His throat tightened up when his mind easily produced the image of her tight little bottom in either of those scraps of satin. “Either,” he said hoarsely. “Both.”
“Okay. I’ll go try some of these on. You’re in luck,” she said, scooping up another couple of bras.
“How?” he asked, unable to see any vestige of good luck for him in this situation.
“You can read your newspaper now. I’m way too shy to model this stuff for you.”
 
; He watched her leave and tried to decide if that meant he was lucky or not. He went outside the store and found a bench. Sitting down, he took out his paper and turned to the sports section. Was he really lucky because he wasn’t actually seeing her in the satin bras and thongs? His mind conjured an image of Callie wearing the black thong and black satin bra, her fiery hair in disarray and her lips painted red, but smudged from his kisses.
He could feel the silk of her skin beneath his fingertips, the taste of her tongue as he took her mouth again. He loved the way her hands felt on his bare skin, the feminine wanting she expressed with every little movement she made. The way she drew his tongue into her mouth made him think about how she would draw him deep into her body.
He wanted more. He wanted to caress her nipples. He wanted to taste them until she was wet and swollen with wanting between her thighs. He wanted to touch her in her secret places and make her bloom with so much need she trembled from it.
In some corner of his perception, Brock noticed the newspaper twitching. He glanced down at his hands clenched around the edges of the paper, crumpling it. He was hard. He was sweating. Swearing under his breath, he shook his head to clear it.
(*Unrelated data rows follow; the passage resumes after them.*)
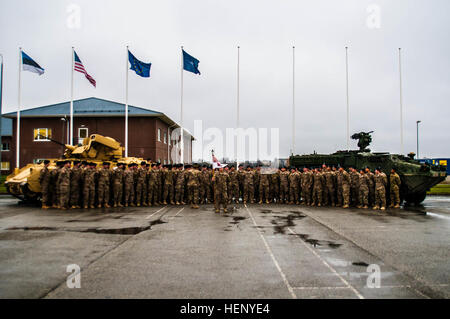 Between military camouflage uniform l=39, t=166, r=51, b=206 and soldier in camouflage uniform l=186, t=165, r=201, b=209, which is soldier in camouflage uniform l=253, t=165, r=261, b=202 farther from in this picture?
military camouflage uniform l=39, t=166, r=51, b=206

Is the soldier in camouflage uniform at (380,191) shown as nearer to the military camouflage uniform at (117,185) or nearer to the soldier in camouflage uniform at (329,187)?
the soldier in camouflage uniform at (329,187)

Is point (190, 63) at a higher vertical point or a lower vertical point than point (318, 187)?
higher

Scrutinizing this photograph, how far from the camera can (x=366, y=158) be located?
16.8 meters

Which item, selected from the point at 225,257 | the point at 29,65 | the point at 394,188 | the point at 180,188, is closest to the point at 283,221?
the point at 225,257

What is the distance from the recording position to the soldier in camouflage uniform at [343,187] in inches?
579

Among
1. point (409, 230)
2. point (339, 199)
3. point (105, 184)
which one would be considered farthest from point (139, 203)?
point (409, 230)

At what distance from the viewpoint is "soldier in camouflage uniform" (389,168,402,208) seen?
1448cm

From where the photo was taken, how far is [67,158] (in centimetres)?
1656

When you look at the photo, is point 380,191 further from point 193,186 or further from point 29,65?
point 29,65

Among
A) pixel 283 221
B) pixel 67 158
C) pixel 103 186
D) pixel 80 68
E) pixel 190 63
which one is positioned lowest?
pixel 283 221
He hadn’t even seen her try on that lingerie, but he knew he would be tormented with his own images for a long, long time.
Two days later, he knew he was going to have to be firm with her. He decided to try yet another strategy to get past his strange feelings toward Callie. He’d decided to pretend she was his sister. “It’s Friday night,” Brock told her, expecting protests, excuses and reasons to procrastinate. “We’re going to a bar.”
She wrinkled her nose. “I don’t really feel like going out tonight. Besides, I’m going to have to be social in another way. I got a call from some teacher at a local elementary school today and she asked me to come and help with a special program for her kindergarten class. I can’t figure out how she got my name.”
Good, he thought. The woman he’d met the other night had followed up.
“We started talking and she asked me to meet her for a drink sometime. So, see, it’s not necessary for me to go to a bar tonight.”